Baromètre des risques Kyu : Le temps de l’action
Par Guillaume Trecan | Le | Consultant
Les organisations supply chain vivent une transformation en profondeur pour gagner en capacité à prévoir et amortir des risques de plus en plus intenses, si l’on en croit la quatrième édition du Baromètre des risques supply chain réalisé par le cabinet Kyu Associés en partenariat avec France Supply Chain, l’Amrae et l’école des Arts et Métiers.

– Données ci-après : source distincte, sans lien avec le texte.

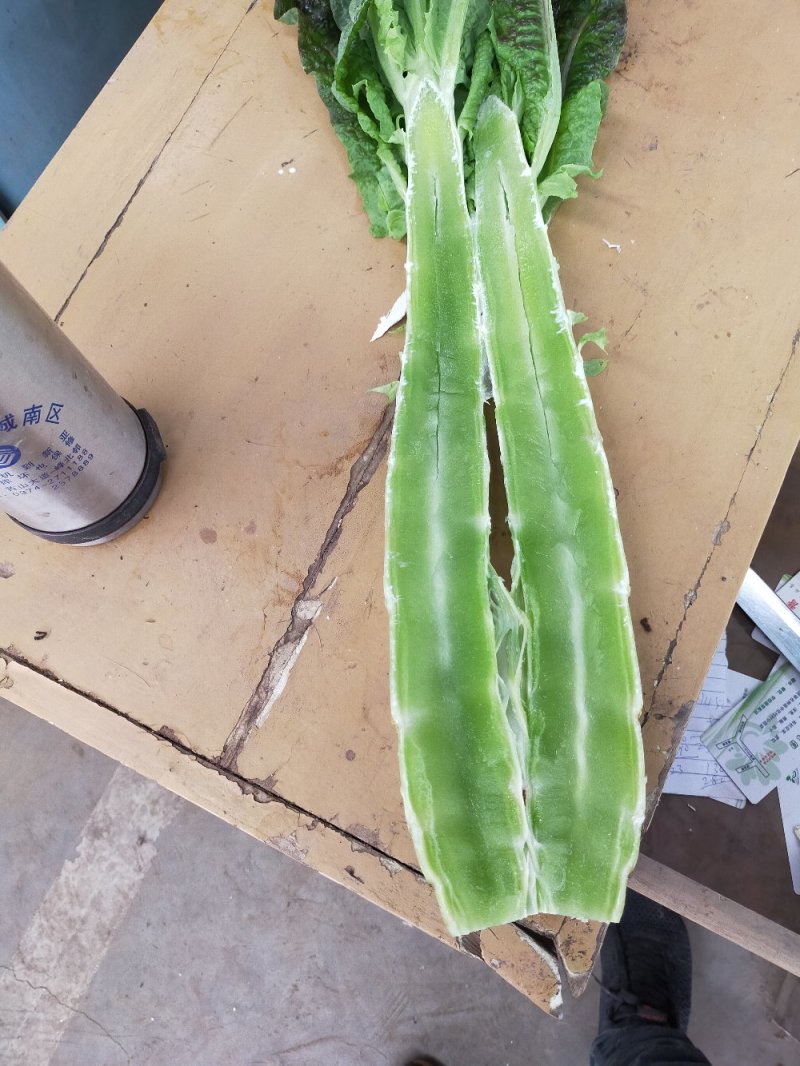 莴笋杆，青皮青肉，无空心，无病斑，支持各种包装
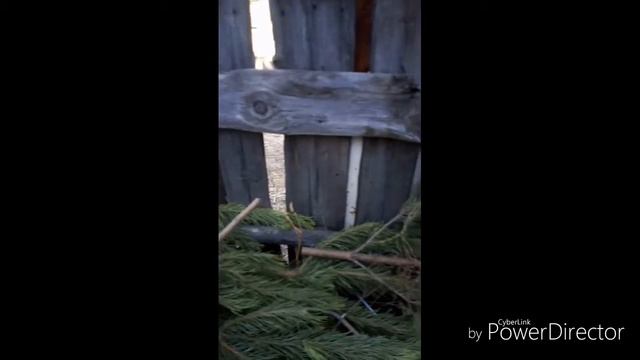 Куры начали нестись? //кончается еда для коз😥!// Купил селфи палку! //группа в ВК! смотреть онлайн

Le Baromètre des risques Supply Chain édité chaque année par le cabinet Kyu Associés ne déçoit jamais : chaque année apporte son nouveau contingent de risques, qu’on jurerait plus intenses que ceux des années précédentes. En 2022, 52 % des professionnels interrogés ont subi plus de dix crises majeures. En moyenne, en 2022, ce sont 19 risques majeurs qui se sont matérialisés pour chacun des répondants à cette étude.
Nous nous trouvons en présence de supply chain qui ne sont pas adaptées au monde dans lequel elles évoluent
Force est de constater que la mondialisation n’est plus ce qu’elle était. « Nous sommes passés en quelques années d’un monde assez certain et pour lequel les supply chain avaient été bâties à un monde beaucoup plus turbulent avec une succession de crises qui ne sont pas des épiphénomènes et qui ont tendance à se répéter. Et nous nous trouvons en présence de supply chain qui ne sont pas adaptées au monde dans lequel elles évoluent », assène Thibaud Moulin. Pour ces organisation supply chain, « le défi se joue entre agilité et se transformer de façon durable ».
Risques capacitaires
En tête des risques supply chain figure comme l’an dernier le manque de capacité global des supply chain. Un risque que pourrait aggraver le deuxième de la liste : la hausse des coûts. « Les acteurs de la supply chain n’ont pas forcément la possibilité de répercuter ces hausses sur leurs prix de vente. Il y a donc un risque de défaillances d’entreprise en 2023 », prévient Thibaud Moulin. Cette casse a déjà produit des effets dans le reste du monde et aggrave une situation de rareté des ressources qui nourrit le climat pénurique mondial.
Risques cyber
Le risque cyber demeure à une honorable troisième place et concerne plus particulièrement les petits et moyens acteurs des panels fournisseurs. « Dans des rangs plus éloignés de la supply chain, des entreprises n’ont pas les mêmes capacités d’investissement et n’ont pas les infrastructures qui leur permettent de se protéger vis-à-vis de ce risque », note Thibaud Moulin, qui met en garde : « La fréquence de ces attaques fait craindre sur la supply chain de nombreuses perturbations. »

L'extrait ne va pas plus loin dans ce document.